Micron Technology vient de vivre un mois qui pousse les gestionnaires de portefeuille à chercher des antiacides. Après avoir atteint des sommets historiques au-dessus de 1 200 $ l’action en juin 2026, soutenu par une demande insatiable de mémoire à large bande passante pour l’IA, l’action a chuté de jusqu’à 22 % en juillet. Le coupable n’est pas une dégradation des fondamentaux. C’est une entreprise que la plupart des investisseurs occidentaux avaient à peine entendue quelques mois plus tôt.
ChangXin Memory Technologies, ou CXMT, a levé environ 8,6 à 9,8 milliards de dollars lors de son introduction en bourse sur le marché STAR de Shanghai, puis a accompli quelque chose qui a attiré l'attention de tous les investisseurs en semi-conducteurs du monde entier : ses actions ont bondi de plus de 466 % par rapport au prix d'introduction, propulsant l'entreprise à une capitalisation boursière d'environ 484 milliards de dollars.
La vente massivement en chiffres
Le 15 juillet 2026, les actions de Micron ont chuté jusqu’à 8 % dans la journée, alors que le marché assimilait les implications de la montée de CXMT sur l’oligopole à trois acteurs qui domine le marché du DRAM depuis des années. Micron, Samsung et SK Hynix ont longtemps bénéficié d’une concurrence limitée, une dynamique qui a soutenu leur pouvoir de tarification et des marges saines. L’émergence de CXMT en tant que quatrième plus grand producteur mondial de DRAM creuse des failles dans cette thèse.
La baisse de juillet de 22 % a marqué la pire performance mensuelle de Micron en plus de dix ans.

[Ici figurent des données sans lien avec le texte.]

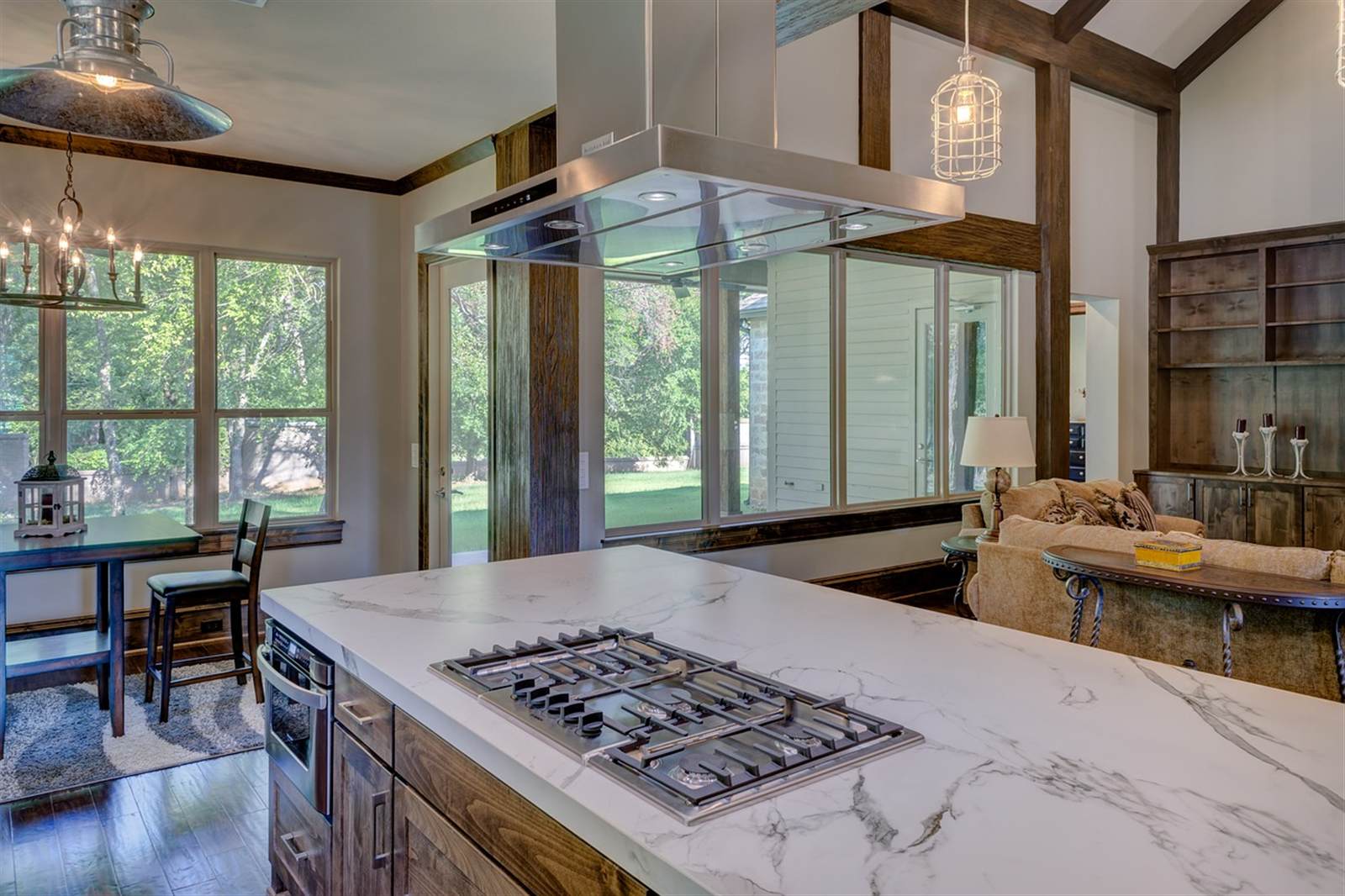 Kitchen island with integrated stovetop illustrating clean sightlines between cooking and gathering zones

Ce que CXMT peut et ne peut pas faire
CXMT est une grande entreprise, bien financée et soutenue pleinement par Pékin. Ce qu’elle n’a pas, c’est l’accès aux outils nécessaires pour produire les puces mémoire les plus avancées. Plus précisément, CXMT manque d’équipements de lithographie EUV, les machines de pointe fabriquées par ASML, essentielles pour produire les types de puces mémoire à haut débit que les centres de données IA consomment massivement.

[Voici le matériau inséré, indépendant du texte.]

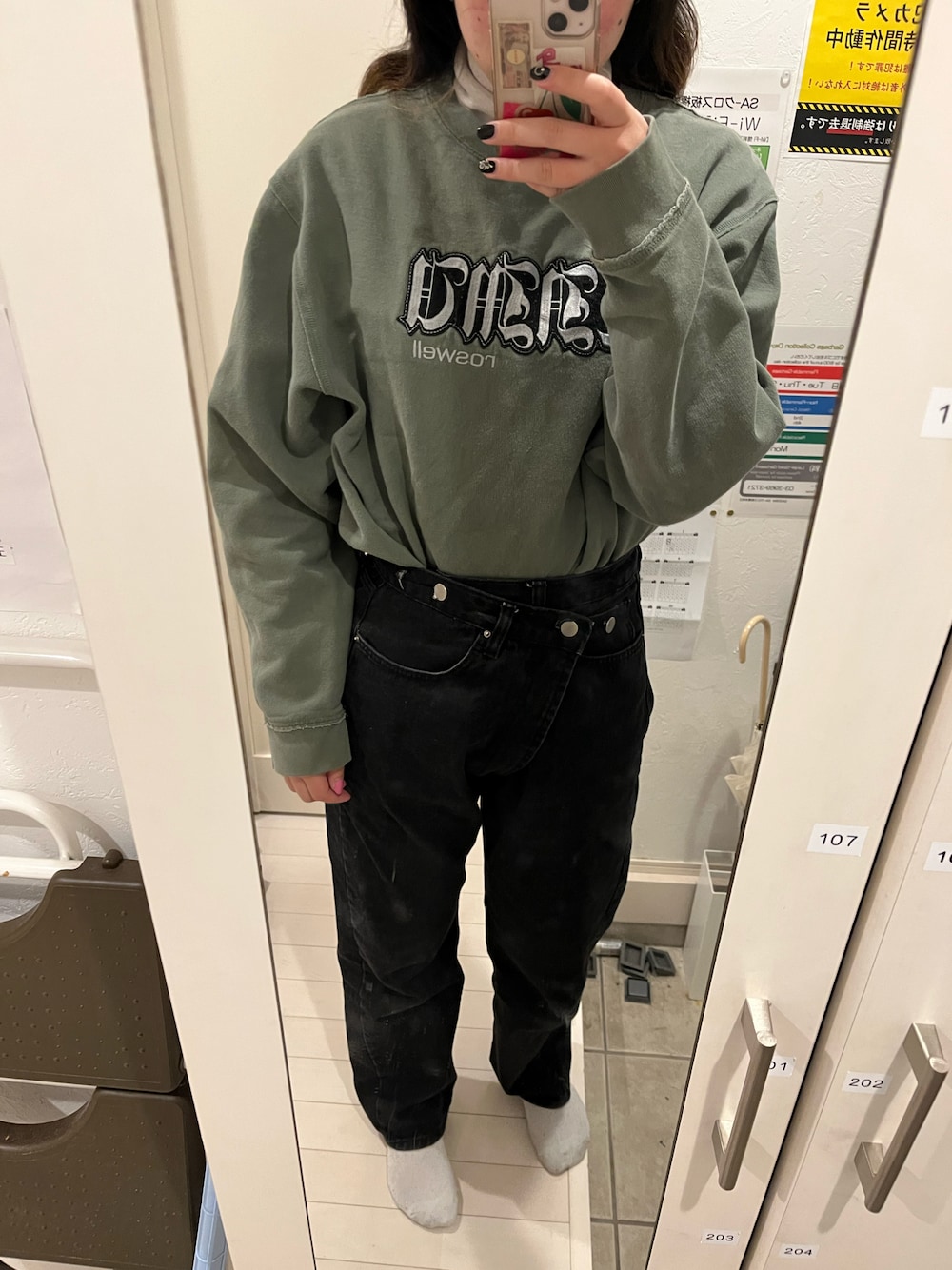 ブラック系のトップス、グリーン系のスウェット、ブラック系のデニムパンツを着用したレディースの冬コーディネートの1枚目の写真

Les puces HBM de qualité IA exigent une précision de fabrication que CXMT ne peut tout simplement pas atteindre avec son équipement actuel. Les contrôles à l'exportation américains, en vigueur depuis 2023, ont bloqué de manière efficace l'accès des entreprises chinoises aux équipements de fabrication de semi-conducteurs les plus avancés.
Les fondamentaux de Micron racontent une autre histoire
Les résultats du Q3 fiscal 2026 de Micron ont été solides, soutenus par la demande croissante pour les produits HBM liés aux applications d'IA. La direction a révisé ses prévisions à la hausse, témoignant de sa confiance dans la poursuite de cette dynamique.
Le marché chinois ajoute lui-même une couche de complexité supplémentaire. La Chine représente environ 20 % des revenus de Micron, une part qui a été progressivement restreinte par les contrôles à l'exportation américains.
Ce que cela signifie pour les investisseurs
Dans le DRAM classique, la concurrence chinoise risque de s'intensifier, exerçant une pression sur les marges des produits bas de gamme. Mais dans le HBM et autres technologies de mémoire avancées, le fossé reste profond tant que les contrôles à l'exportation restent en place. Tout changement dans la politique commerciale américaine à l'égard de la Chine serait la variable la plus importante à surveiller.
Une baisse de 22 % par rapport aux sommets historiques, associée à des révisions à la hausse des bénéfices, signifie que l'action est désormais cotée à un multiple plus attractif qu'il ne l'était il y a quelques semaines.
Samsung et SK Hynix font face aux mêmes pressions de CXMT, ce qui signifie que ce n'est pas un problème spécifique à Micron. C'est une réévaluation sectorielle du risque.